Un lamento di fisarmonica attraversò all’improvviso il silenzio della brughiera, come un canto d’uccello, e Lia si scosse: lagrime di desiderio e di tristezza le brillarono negli occhi, e come la sera prima, come un anno prima, come da tanti anni, ella provò un senso di desolazione e le parve di essere in mezzo a un deserto, sola.

Ma a un tratto una donna in costume, alta, scarna, col viso jeratico circondato da una benda nera, uscì dalla casetta e s’avvicinò alla fanciulla.

- Una lettera per te, rosa mia! - disse con voce aspra, traendo di sotto il grembiule una busta turchina e guardandola con diffidenza.

- Ti pare che sia di quel matto di tuo zio Luisi?

Lia non tese subito la mano, ma spalancò gli occhi, fissando la lettera, e arrossì. Il cuore le batteva forte per l’emozione dell’insolito avvenimento.

La donna non staccava gli occhi dalla lettera e non si decideva a dargliela.

- Lia, consolazione mia, sei stata tu, a scrivergli?

- Io? Mai, zia! - rispose Lia con un gesto sdegnoso.

Allora la zia le diede la lettera e accorgendosi che il viso di Lia si illuminava e che il foglio le tremava fra le mani, domandò, cupa e quasi funebre:

- È proprio di Luisi? Che vuole? È sempre pazzo? S’è ricordato, finalmente, s’è ricordato di noi?

Lia rilesse la paginetta scritta con caratteri tremolanti, e all’improvviso, come una bimba colpita da un senso di gioia, si mise a ridere nervosamente, e afferrò il grembiale della donna.

- Ah, zia Gaina mia, che cosa curiosa! Oh, se sentiste! Egli mi invita ad andare a vivere con lui a Roma.

- Leggi, leggi!

Lia curvò la testa e rilesse a bassa voce:

« Cara nipote,

«Da molto tempo non ho vostre notizie…

- Ma se è lui che non scrive da cinque anni! - disse zia Gaina, lasciandosi sedere sul sedile.

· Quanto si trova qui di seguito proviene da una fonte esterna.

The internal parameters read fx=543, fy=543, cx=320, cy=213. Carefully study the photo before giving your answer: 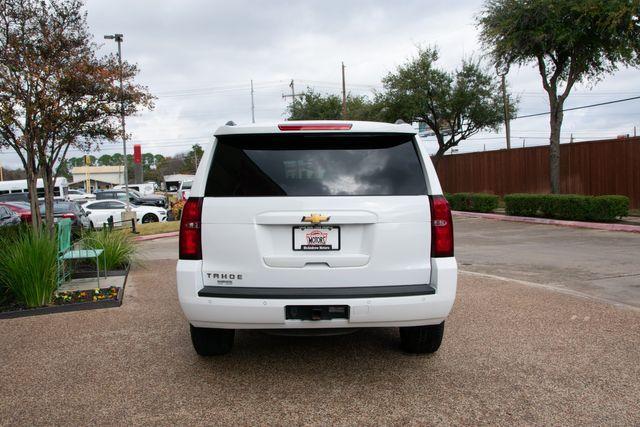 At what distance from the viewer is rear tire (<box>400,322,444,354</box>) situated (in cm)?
443

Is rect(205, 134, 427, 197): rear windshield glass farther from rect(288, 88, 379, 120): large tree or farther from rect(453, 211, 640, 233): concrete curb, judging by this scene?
rect(288, 88, 379, 120): large tree

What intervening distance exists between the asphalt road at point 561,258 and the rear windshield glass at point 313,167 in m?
4.08

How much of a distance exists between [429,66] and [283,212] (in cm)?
2496

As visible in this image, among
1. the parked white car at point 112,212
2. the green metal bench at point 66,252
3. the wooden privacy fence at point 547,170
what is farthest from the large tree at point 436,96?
the green metal bench at point 66,252

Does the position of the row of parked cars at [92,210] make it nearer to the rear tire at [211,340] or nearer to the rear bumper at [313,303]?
the rear tire at [211,340]

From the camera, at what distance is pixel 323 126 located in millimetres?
3871

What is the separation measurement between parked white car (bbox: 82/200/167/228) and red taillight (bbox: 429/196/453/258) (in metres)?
20.4

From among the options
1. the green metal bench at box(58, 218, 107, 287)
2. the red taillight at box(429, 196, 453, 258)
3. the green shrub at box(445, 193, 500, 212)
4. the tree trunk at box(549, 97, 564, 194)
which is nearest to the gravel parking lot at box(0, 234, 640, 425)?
the red taillight at box(429, 196, 453, 258)

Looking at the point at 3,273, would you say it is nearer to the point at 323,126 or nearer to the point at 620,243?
the point at 323,126

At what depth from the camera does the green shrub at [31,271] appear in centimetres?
634

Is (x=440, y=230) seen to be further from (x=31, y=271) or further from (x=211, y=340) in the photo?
(x=31, y=271)

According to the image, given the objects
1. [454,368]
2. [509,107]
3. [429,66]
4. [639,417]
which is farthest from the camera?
[509,107]

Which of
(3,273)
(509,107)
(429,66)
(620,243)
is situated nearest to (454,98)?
(429,66)

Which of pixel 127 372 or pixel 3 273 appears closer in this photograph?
pixel 127 372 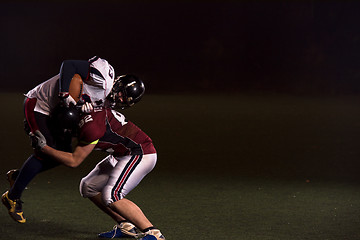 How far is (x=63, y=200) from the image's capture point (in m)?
5.87

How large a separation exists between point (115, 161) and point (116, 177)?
0.56ft

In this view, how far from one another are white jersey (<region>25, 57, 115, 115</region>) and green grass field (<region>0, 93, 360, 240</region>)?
0.98m

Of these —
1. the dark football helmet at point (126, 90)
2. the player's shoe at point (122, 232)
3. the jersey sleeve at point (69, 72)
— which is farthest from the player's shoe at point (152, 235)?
the jersey sleeve at point (69, 72)

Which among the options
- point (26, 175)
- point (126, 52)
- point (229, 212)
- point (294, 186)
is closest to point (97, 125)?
point (26, 175)

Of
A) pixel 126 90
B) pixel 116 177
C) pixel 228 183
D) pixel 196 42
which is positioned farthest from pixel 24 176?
pixel 196 42

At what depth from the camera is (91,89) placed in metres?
4.85

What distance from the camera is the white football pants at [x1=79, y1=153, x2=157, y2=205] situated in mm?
4375

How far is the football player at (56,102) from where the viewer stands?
4684mm

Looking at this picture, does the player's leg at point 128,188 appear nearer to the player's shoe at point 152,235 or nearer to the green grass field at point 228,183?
the player's shoe at point 152,235

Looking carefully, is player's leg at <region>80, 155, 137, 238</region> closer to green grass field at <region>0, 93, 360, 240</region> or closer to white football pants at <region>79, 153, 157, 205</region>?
white football pants at <region>79, 153, 157, 205</region>

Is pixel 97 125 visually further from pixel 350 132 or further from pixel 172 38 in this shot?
pixel 172 38

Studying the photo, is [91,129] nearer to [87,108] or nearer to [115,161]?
[87,108]

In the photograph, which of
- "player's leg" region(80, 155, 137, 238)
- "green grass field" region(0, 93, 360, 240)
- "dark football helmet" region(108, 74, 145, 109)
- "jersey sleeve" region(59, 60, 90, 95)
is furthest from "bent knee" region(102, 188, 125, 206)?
"jersey sleeve" region(59, 60, 90, 95)

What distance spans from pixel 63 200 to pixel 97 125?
1832 mm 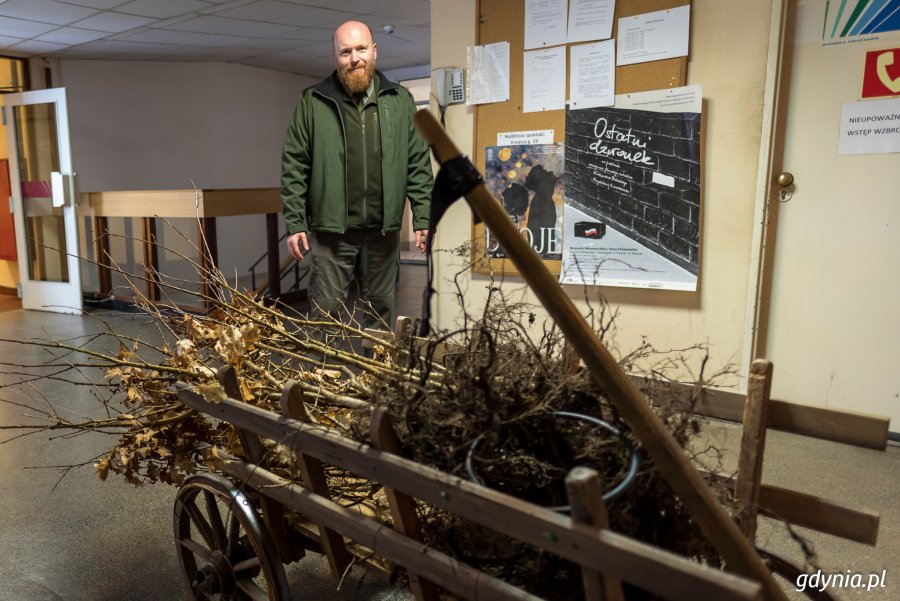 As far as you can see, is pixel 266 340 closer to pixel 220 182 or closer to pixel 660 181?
pixel 660 181

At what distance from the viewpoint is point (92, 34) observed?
19.7 feet

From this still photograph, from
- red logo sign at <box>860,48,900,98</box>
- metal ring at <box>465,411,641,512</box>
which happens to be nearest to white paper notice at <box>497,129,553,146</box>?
red logo sign at <box>860,48,900,98</box>

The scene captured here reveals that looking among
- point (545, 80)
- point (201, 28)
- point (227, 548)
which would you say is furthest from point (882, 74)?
point (201, 28)

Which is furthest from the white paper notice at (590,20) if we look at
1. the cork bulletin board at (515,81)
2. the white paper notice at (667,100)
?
the white paper notice at (667,100)

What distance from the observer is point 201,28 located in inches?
239

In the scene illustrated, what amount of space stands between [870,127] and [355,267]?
2.40m

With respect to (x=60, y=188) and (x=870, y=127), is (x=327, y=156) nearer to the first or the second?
(x=870, y=127)

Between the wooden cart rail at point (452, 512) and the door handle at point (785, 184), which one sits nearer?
the wooden cart rail at point (452, 512)

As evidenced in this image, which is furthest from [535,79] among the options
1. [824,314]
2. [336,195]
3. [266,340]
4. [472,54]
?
[266,340]

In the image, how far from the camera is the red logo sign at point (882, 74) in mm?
2738

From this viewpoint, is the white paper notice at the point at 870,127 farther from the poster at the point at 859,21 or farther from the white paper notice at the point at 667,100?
the white paper notice at the point at 667,100

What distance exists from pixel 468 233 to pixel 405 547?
2766mm

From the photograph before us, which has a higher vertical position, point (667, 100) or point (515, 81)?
point (515, 81)

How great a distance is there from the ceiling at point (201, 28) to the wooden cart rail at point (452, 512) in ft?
16.0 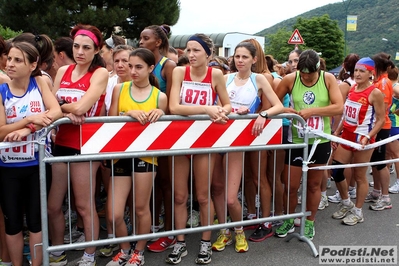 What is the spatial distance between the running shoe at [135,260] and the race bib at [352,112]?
327 cm

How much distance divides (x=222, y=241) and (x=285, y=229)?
86 cm

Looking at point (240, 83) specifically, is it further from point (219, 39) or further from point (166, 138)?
point (219, 39)

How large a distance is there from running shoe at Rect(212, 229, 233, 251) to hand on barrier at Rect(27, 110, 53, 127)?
86.1 inches

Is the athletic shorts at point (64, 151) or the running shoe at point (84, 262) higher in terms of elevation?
the athletic shorts at point (64, 151)

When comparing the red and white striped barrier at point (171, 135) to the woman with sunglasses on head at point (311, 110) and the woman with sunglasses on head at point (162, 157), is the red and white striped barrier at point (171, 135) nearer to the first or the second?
the woman with sunglasses on head at point (311, 110)

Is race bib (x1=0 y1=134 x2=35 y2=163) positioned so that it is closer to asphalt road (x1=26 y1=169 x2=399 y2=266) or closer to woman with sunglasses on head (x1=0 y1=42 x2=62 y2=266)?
woman with sunglasses on head (x1=0 y1=42 x2=62 y2=266)

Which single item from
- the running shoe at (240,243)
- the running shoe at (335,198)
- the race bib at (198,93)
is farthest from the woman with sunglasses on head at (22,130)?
the running shoe at (335,198)

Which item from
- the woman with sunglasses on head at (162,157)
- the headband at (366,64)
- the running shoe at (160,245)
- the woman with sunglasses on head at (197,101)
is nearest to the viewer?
the woman with sunglasses on head at (197,101)

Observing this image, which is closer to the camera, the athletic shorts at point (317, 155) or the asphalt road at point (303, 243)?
the asphalt road at point (303, 243)

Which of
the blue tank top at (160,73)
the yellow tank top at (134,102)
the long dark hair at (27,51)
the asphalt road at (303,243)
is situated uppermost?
the long dark hair at (27,51)

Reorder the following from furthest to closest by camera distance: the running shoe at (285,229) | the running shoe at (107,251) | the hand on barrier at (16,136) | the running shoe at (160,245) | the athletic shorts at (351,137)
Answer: the athletic shorts at (351,137) → the running shoe at (285,229) → the running shoe at (160,245) → the running shoe at (107,251) → the hand on barrier at (16,136)

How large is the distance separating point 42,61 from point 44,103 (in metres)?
0.67

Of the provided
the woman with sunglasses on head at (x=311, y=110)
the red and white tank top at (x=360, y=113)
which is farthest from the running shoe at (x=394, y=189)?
the woman with sunglasses on head at (x=311, y=110)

«Solo, di tanto in tanto, qualche compaesano che capita qui mi parla dei miei parenti. So quindi che tu sei diventata alta e che sei intelligente e piena di buona volontà. Senz’altri preamboli vengo quindi a dirti che io mi terrei molto fortunato se tu decidessi di venire a farmi un po’ di compagnia. Vivo solo e da qualche mese sono andato in pensione: del tempo per accompagnarti a vedere la città me ne resta certo! Sarei contento che tu venissi, perché probabilmente io non tornerò più in Sardegna, e non vorrei andare a far visita al Creatore prima di aver conosciuto la mia unica nipote. Deciditi dunque. Ad ogni modo mi saprai dare presto una risposta; e con la speranza che questa sia favorevole, ti saluto di cuore pregandoti di ricordarmi agli altri parenti. Tuo zio

«LUIGI ASQUER».

La zia Gaina, dopo aver ascoltato immobile, fissando sul viso di Lia i suoi grandi occhi circondati da borse livide, si battè le mani sulle ginocchia.

- A Roma ti vuole! Adesso ti vuole, adesso che sei grande? Finchè sei stata piccola non si è ricordato mai di te; neppure quando morì tuo padre ti scrisse. Adesso che è vecchio avrà bisogno del decotto, alla sera, e penserà: ho una nipote povera che potrà servirmi g-r-a-t-i-s.

- Zia, non parlate così! - esclamò Lia con fierezza.